● **SUPPLIED INFORMATION**
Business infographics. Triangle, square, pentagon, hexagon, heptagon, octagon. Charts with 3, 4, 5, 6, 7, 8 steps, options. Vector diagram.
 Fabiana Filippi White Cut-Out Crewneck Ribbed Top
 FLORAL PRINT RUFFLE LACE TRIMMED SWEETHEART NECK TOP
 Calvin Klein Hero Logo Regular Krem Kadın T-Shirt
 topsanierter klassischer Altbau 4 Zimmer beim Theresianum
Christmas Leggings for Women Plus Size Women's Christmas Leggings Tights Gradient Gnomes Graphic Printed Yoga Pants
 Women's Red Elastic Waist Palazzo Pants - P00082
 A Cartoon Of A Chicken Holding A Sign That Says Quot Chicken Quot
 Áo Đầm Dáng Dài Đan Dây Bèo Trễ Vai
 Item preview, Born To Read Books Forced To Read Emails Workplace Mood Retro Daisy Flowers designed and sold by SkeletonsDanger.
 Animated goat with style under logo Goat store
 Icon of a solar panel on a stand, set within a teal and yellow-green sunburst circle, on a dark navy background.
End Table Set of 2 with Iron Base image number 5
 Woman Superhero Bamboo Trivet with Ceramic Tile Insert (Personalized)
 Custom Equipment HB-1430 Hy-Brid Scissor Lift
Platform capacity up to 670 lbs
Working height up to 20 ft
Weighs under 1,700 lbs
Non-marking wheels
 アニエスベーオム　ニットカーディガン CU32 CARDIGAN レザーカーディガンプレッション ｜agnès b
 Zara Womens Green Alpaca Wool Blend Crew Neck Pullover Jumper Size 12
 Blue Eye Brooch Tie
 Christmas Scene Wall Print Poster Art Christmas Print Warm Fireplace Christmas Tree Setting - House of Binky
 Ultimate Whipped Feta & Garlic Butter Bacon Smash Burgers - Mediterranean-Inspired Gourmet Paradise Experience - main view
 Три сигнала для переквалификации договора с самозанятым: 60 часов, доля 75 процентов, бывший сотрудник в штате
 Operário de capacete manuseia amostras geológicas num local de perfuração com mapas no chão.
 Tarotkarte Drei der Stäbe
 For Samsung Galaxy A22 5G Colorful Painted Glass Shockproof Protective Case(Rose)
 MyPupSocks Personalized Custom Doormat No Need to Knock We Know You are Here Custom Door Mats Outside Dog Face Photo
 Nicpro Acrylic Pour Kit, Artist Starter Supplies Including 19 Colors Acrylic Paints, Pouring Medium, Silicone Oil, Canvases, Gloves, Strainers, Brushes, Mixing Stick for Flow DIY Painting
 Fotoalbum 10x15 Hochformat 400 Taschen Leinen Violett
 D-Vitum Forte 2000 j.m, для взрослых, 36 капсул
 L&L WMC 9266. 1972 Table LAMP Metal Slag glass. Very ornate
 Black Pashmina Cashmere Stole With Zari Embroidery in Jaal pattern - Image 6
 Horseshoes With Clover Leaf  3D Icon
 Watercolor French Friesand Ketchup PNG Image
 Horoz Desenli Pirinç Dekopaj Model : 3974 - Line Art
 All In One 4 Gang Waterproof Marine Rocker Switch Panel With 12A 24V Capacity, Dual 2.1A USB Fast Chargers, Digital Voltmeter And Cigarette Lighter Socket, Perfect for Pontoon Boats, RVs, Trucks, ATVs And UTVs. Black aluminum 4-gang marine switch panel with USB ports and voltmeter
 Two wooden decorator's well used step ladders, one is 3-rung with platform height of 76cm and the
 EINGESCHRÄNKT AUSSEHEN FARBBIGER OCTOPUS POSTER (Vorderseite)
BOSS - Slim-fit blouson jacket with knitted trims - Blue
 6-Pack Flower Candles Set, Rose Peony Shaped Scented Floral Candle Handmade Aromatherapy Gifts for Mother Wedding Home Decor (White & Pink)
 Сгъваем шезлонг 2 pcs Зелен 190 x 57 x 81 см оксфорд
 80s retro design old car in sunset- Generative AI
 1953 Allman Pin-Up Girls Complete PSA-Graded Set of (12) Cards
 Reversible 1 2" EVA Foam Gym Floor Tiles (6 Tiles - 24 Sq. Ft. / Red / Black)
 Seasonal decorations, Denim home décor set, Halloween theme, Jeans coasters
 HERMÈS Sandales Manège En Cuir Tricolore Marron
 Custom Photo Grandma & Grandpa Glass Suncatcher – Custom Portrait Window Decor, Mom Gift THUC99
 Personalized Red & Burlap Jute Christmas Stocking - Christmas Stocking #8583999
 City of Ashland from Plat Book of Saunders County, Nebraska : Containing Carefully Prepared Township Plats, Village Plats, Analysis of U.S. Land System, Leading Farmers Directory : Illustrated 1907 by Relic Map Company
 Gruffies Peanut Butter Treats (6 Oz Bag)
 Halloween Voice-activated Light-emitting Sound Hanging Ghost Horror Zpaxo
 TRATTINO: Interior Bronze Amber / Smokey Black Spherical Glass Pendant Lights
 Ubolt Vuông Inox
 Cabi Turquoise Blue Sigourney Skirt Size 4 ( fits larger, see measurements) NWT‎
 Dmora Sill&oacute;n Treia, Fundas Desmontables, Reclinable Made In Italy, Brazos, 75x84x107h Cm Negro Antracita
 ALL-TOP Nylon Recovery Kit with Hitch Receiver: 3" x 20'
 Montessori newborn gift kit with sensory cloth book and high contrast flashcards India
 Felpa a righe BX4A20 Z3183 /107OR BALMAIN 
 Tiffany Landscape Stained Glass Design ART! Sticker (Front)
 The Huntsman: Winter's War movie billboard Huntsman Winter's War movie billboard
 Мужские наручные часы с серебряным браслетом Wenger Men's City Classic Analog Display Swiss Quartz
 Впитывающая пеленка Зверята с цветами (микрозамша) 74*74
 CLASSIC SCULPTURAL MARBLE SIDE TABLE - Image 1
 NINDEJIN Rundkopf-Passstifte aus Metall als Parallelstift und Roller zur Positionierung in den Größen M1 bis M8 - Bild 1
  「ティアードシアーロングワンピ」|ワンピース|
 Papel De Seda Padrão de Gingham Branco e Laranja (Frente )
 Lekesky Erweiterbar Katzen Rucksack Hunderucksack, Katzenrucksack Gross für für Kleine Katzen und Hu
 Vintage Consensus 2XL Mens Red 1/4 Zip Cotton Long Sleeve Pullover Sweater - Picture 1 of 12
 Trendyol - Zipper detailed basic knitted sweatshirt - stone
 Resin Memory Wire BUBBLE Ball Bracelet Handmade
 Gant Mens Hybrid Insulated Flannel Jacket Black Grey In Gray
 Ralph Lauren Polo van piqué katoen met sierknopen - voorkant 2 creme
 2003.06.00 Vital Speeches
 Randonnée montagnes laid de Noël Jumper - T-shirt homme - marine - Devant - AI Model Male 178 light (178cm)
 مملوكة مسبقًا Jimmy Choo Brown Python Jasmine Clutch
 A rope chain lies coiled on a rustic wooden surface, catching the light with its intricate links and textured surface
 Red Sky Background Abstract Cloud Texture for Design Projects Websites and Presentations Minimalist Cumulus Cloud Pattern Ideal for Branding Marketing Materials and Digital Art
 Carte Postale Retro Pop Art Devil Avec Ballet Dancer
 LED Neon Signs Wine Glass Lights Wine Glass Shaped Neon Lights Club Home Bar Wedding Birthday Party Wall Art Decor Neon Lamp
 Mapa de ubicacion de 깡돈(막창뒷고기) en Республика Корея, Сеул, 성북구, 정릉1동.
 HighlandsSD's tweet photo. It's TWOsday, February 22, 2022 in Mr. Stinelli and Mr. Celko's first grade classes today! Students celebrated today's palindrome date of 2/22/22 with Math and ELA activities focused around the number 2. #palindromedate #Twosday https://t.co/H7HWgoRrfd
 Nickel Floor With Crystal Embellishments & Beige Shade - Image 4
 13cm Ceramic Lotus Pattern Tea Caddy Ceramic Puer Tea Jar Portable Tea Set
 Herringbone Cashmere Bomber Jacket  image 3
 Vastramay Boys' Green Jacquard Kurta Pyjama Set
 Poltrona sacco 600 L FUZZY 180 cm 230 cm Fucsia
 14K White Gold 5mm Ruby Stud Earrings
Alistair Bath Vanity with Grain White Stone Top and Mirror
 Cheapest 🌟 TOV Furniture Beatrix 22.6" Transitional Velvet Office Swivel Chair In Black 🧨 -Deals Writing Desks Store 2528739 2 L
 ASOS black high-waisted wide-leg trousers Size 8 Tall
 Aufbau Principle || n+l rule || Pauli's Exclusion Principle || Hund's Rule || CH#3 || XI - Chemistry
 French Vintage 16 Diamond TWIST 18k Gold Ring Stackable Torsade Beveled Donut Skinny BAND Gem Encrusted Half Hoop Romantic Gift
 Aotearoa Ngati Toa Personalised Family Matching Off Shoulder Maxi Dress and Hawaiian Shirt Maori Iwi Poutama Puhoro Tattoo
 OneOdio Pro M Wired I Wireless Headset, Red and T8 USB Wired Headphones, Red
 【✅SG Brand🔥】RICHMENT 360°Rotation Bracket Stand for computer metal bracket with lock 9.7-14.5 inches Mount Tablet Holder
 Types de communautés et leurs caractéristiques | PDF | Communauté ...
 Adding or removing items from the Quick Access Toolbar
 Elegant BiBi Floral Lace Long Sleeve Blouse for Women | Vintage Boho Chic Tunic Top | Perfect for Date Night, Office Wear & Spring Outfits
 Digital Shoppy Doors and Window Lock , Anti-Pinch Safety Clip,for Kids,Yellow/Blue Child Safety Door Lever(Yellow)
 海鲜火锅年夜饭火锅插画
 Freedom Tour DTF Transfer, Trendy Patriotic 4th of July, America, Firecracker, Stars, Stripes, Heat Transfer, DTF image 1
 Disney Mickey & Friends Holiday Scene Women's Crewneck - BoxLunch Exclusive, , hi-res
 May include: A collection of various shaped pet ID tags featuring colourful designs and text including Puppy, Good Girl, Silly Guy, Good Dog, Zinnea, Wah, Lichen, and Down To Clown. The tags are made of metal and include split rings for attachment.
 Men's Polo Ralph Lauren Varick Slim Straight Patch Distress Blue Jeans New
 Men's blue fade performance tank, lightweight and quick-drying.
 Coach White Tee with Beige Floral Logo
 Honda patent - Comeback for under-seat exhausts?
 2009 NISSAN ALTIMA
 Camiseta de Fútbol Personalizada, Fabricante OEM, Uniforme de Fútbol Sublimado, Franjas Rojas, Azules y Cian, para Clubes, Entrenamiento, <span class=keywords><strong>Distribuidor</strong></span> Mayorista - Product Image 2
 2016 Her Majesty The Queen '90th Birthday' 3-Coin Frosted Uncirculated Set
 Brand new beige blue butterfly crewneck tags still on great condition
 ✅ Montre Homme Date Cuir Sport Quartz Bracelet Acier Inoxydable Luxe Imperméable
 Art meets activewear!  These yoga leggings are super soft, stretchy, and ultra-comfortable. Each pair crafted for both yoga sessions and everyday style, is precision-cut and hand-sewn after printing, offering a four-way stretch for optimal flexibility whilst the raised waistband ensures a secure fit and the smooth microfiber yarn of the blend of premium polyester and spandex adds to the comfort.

● **EXERCISE GOAL**
Reproduce word for word the material above, beginning with the line that contains "13cm Ceramic Lotus" and ending with the line that contains "Disney Mickey &".

● **OUTPUT FOR THIS TASK**
 13cm Ceramic Lotus Pattern Tea Caddy Ceramic Puer Tea Jar Portable Tea Set
 Herringbone Cashmere Bomber Jacket  image 3
 Vastramay Boys' Green Jacquard Kurta Pyjama Set
 Poltrona sacco 600 L FUZZY 180 cm 230 cm Fucsia
 14K White Gold 5mm Ruby Stud Earrings
Alistair Bath Vanity with Grain White Stone Top and Mirror
 Cheapest 🌟 TOV Furniture Beatrix 22.6" Transitional Velvet Office Swivel Chair In Black 🧨 -Deals Writing Desks Store 2528739 2 L
 ASOS black high-waisted wide-leg trousers Size 8 Tall
 Aufbau Principle || n+l rule || Pauli's Exclusion Principle || Hund's Rule || CH#3 || XI - Chemistry
 French Vintage 16 Diamond TWIST 18k Gold Ring Stackable Torsade Beveled Donut Skinny BAND Gem Encrusted Half Hoop Romantic Gift
 Aotearoa Ngati Toa Personalised Family Matching Off Shoulder Maxi Dress and Hawaiian Shirt Maori Iwi Poutama Puhoro Tattoo
 OneOdio Pro M Wired I Wireless Headset, Red and T8 USB Wired Headphones, Red
 【✅SG Brand🔥】RICHMENT 360°Rotation Bracket Stand for computer metal bracket with lock 9.7-14.5 inches Mount Tablet Holder
 Types de communautés et leurs caractéristiques | PDF | Communauté ...
 Adding or removing items from the Quick Access Toolbar
 Elegant BiBi Floral Lace Long Sleeve Blouse for Women | Vintage Boho Chic Tunic Top | Perfect for Date Night, Office Wear & Spring Outfits
 Digital Shoppy Doors and Window Lock , Anti-Pinch Safety Clip,for Kids,Yellow/Blue Child Safety Door Lever(Yellow)
 海鲜火锅年夜饭火锅插画
 Freedom Tour DTF Transfer, Trendy Patriotic 4th of July, America, Firecracker, Stars, Stripes, Heat Transfer, DTF image 1
 Disney Mickey & Friends Holiday Scene Women's Crewneck - BoxLunch Exclusive, , hi-res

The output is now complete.